I really enjoy the work of Anthony Horowitz. (See The Magpie Murders in a previous entry.) As the originator of Foyle’s War, that wonderful BBC series set in Hastings during World War II, I’ve eagerly looked for any and all of his writing and productions. His work includes children’s fiction – the very popular Alex Rider – and he likes to write sequels to popular detectives like Sherlock Holmes (The House of Silk, Moriarity) and James Bond (Forever and a Day).
I am not so sure about the current one. In The Word Is Murder, Horowitz introduces us to a new detective, the somewhat disgraced former police officer Daniel Hawthorne, and includes himself as one of the characters. As Horowitz follows Hawthorne around London (that would be an accurate description – he never knows where they are going until Hawthorne tells him) Horowitz makes the larger context his own writing projects.

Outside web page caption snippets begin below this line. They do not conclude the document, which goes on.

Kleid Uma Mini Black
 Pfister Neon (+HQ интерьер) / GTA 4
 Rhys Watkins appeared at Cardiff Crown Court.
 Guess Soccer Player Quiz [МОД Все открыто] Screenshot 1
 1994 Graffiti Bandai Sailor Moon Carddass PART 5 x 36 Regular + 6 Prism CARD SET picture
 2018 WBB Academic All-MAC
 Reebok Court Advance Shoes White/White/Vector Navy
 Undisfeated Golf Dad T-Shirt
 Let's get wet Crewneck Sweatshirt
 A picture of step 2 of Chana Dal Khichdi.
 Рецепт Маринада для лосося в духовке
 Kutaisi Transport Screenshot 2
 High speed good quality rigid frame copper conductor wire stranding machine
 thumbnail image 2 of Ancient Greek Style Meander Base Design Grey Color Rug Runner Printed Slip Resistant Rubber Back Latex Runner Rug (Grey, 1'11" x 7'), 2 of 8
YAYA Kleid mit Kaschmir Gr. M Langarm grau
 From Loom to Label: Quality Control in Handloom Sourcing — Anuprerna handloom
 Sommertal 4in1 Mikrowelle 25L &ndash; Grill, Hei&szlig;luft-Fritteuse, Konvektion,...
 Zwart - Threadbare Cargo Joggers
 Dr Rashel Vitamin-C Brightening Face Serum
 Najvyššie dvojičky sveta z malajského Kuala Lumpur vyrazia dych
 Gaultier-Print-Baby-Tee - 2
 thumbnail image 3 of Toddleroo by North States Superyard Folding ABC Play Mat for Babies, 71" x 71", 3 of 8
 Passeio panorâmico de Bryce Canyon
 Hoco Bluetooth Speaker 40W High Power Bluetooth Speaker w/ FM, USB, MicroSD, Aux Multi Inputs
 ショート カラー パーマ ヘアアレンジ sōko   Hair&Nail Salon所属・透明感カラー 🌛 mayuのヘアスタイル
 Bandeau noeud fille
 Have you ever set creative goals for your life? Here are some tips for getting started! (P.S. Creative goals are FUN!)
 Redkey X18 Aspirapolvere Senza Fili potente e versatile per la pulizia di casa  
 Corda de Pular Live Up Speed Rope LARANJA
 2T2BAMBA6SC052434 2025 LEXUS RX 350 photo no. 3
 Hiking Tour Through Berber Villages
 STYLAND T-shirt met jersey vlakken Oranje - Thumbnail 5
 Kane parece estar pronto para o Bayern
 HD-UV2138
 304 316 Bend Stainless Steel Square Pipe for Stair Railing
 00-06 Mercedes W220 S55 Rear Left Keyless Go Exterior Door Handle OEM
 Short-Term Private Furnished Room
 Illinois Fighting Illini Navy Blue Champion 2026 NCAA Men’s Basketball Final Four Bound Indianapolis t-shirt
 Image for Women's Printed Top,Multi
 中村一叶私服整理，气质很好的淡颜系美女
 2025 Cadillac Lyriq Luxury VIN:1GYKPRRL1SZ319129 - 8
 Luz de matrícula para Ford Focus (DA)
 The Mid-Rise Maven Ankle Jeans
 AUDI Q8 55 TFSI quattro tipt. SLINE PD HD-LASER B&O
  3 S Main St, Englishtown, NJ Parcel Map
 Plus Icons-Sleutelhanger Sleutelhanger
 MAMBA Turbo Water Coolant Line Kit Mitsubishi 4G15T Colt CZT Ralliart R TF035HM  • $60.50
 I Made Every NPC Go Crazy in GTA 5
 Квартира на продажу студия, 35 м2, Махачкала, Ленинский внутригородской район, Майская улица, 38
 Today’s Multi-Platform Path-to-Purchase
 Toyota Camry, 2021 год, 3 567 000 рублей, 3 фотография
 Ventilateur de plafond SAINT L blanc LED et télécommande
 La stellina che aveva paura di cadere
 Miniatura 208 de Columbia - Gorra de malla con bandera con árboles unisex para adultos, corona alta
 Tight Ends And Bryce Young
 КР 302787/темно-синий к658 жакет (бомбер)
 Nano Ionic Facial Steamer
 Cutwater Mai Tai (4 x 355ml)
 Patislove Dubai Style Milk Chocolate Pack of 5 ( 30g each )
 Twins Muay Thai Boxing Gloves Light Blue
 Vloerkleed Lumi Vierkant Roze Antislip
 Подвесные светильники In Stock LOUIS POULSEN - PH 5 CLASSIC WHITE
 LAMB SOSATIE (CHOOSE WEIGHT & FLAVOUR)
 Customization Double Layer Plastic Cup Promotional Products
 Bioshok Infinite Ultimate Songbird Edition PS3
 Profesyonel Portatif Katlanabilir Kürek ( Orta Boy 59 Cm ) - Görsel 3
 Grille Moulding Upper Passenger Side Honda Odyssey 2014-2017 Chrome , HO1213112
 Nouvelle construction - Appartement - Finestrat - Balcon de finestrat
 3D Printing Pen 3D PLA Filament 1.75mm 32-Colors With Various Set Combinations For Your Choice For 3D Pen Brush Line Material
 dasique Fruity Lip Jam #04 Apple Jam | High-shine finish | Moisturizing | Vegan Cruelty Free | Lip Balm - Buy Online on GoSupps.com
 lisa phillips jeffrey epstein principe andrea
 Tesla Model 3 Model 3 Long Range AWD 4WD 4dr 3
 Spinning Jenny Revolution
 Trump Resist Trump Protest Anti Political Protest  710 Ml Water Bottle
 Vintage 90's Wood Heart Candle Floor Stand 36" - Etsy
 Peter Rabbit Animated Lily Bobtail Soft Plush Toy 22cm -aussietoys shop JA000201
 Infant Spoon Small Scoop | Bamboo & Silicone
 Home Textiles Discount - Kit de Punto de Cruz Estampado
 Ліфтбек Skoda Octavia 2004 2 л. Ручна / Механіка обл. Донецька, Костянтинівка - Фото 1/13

Although it’s interesting on one level, on another I kept wondering why he was doing this. I finished rather unsatisfied. No spoiler here, but the somewhat stormy ending referenced a rather obscure part earlier in the plot and it took me some thought to figure it out.
There is a sequel, The Sentence Is Death, which is out sometime this Fall. I’ll read it, and I hope it clarifies some of the unanswered questions. Horowitz writes Hawthorne as a man with a lot of secrets, and maybe more will be revealed. We’ll see. I can always watch Foyle’s War again!